The spoken corpus Gos 2.1 is the reference speech corpus of the Slovenian language. This second edition contains about 300 hours of speech, or 2.4 million words, 127 thousand utterances and 1,500 texts, with added word-level temporal information, where available.
Gos2.1 is composed from three different sources:
(1) Spoken corpus Gos 1.1 (http://hdl.handle.net/11356/1438), 112 hours, 1 million words
(2) Spoken corpus Gos VideoLectures 4.2 (http://hdl.handle.net/11356/1444), 22 hours, 179,000 words
(3) A selection from the ASR database ARTUR 1.0 (http://hdl.handle.net/11356/1772), 185 hours, 1.2 mllion words, including:
(3a) Artur-J-Splosni, 62 hours, 422,000 words: transcriptions of media recordings, online recordings of conferences, workshops, education videos, etc.
(3b) Artur-N-Prosti, 61 hours, 324,000 words: transcriptions of monologues and dialogues between two persons, recorded for the purposes of the Artur database. Speakers were asked to freely conversate or freely explain on casual topics.
(3c) Artur-P-SejeDZ, 62 hours, 450,000 words: a selection of transcriptions of speech from the Slovene National Assembly. The maximum length of single speaker speech is 4,000 words.

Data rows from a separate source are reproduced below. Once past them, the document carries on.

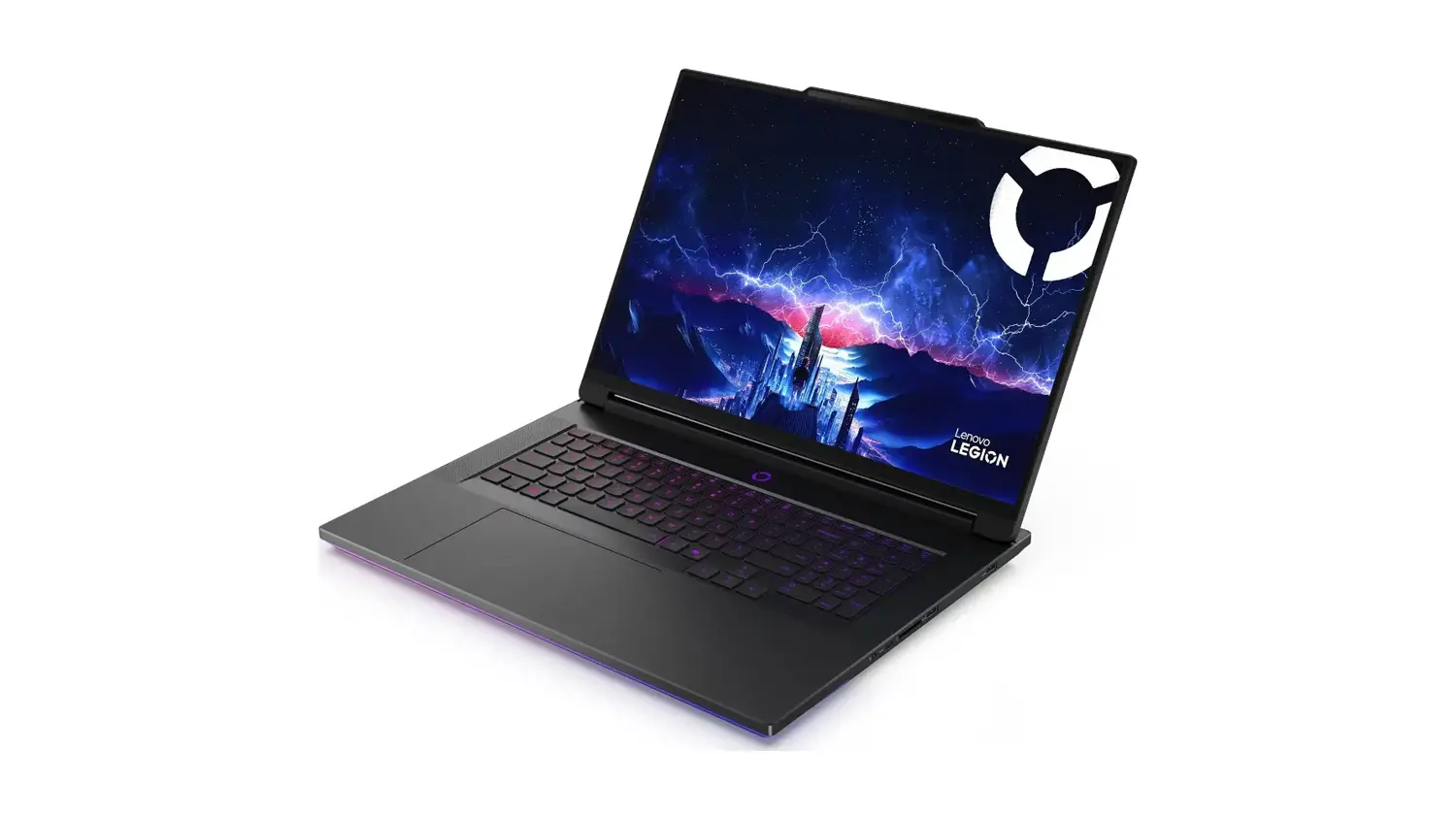 Notebook Lenovo Legion – pohled z pravé strany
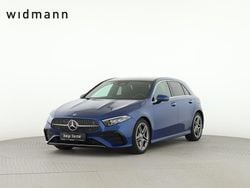 Metalliclack spektralblau Gebraucht 2024 Mercedes A200 Advanced Plus Limousine | 32.850 € (Fairer Preis)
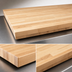 Thumbnail image #4 for Boos Block Kitchen Countertop, 84 x 42 x 1-1/2 Inches, Blended Edge Grain Northern Hard Rock Maple, Varnique Finish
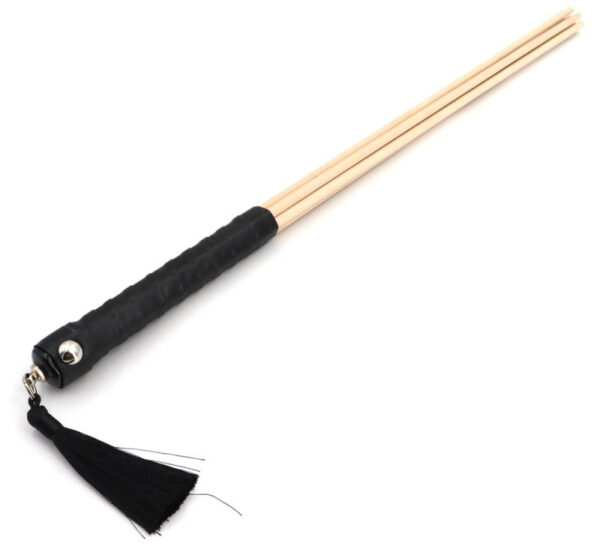 Cravache en bois 7 Baguettes Big Woude 50cm – Image 2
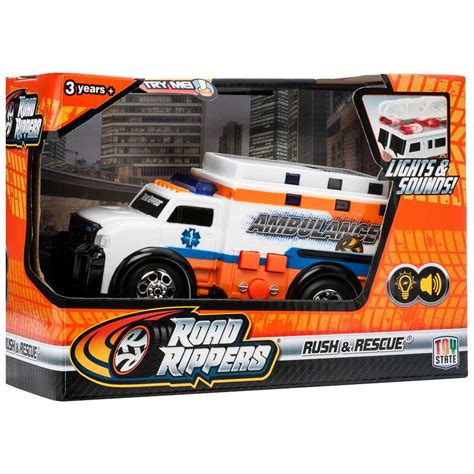 Road Rippers Rush And Rescue Big W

All transcriptions are manual and made in two modes:
- pronunciation-based or citation-phonemic transcriptions (containing the output phoneme string derived from the orthographic form by letter-to-sound rules)
- standardised or expanded orthographic transcriptions (the standard Slovene spelling is used to indicate the spoken words, but there are additional rules and word-lists for non-standard lexis).
Part-of-speech tagging with MULTEXT-East morphosyntactic descriptions and lemmatisation was performed automatically with CLASSLA (https://github.com/clarinsi/classla).
In comparison with the preceding version, Gos 2.0, this version implements the following changes:
(1) Unification of casing and normalization decisions between Gos1.0, GosVL, and Artur subcorpora;
(2) Re-introduction of punctuation into the Artur subcorpus;
(3) Addition of word-level temporal information in form of a separate timeline element ();
(4) Re-encoding of the Gos and Gos VideoLectures subcorpora so that the encoding is uniform across all subcorpora.
The corpus is distributed in the source TRS (Transcriber) format, in the canonical TEI encoding (both XML), as well as TEI-derived plain text (TXT) and vertical (vert) format.